Learning How to Write: An Opportunity for Kids
The word “opportunity” has been on my mind this past month.
At the beginning of March, when a parent was enrolling her daughter in writing classes with me, she referred to them as a "new opportunity" for her daughter. I thought those words were well chosen and thought provoking. Learning how to write properly and at a young age is an opportunity. You have provided your children with that same opportunity, and what they choose to do with it is up to them.
A week into reflecting on opportunities, I was fortuitous to be able to attend my son's first high school baseball game.

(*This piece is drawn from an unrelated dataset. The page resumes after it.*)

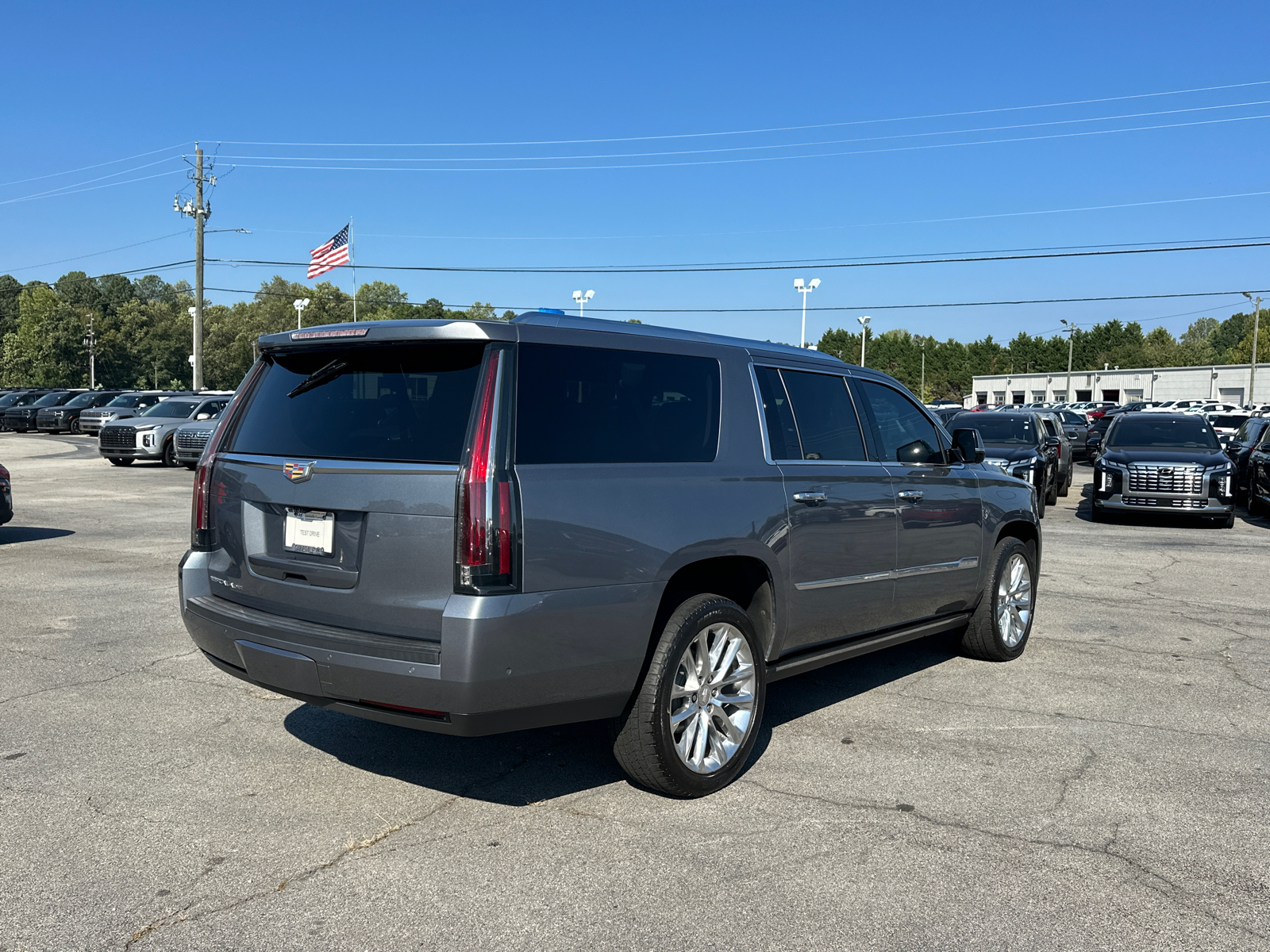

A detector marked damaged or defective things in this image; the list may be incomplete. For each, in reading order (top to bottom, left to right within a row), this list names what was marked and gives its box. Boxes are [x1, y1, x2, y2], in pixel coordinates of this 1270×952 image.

During that game, I did a lot of observing and, in turn, thinking and left the game further contemplating opportunities.
All 21 players on my son's freshman baseball team were given an opportunity by their coaches when they made the team; that opportunity, though, will be treated differently by each of the players. Some will take it for granted: they will fulfill minimal requirements and occasionally cut corners during practices and lose potential playing time in games as a result. Other players will value it: they will consistently work hard to develop their baseball skills, at times going above and beyond and doing more than what is expected of them by their coaches, and will most likely be rewarded with one of the coveted nine defensive positions on the baseball field during a game.
What your children choose to do with the writing opportunity you have given them obviously will not determine whether they earn playing time during a high school baseball game, but it will determine where the opportunity takes them in life.
So, hopefully, they don't take it for granted. And hopefully, as they enter the business world, and their writing becomes more and more visible to the people around them, they will thank you for the opportunity that you wrapped up and handed to them as a gift when they were too young to fully appreciate its value.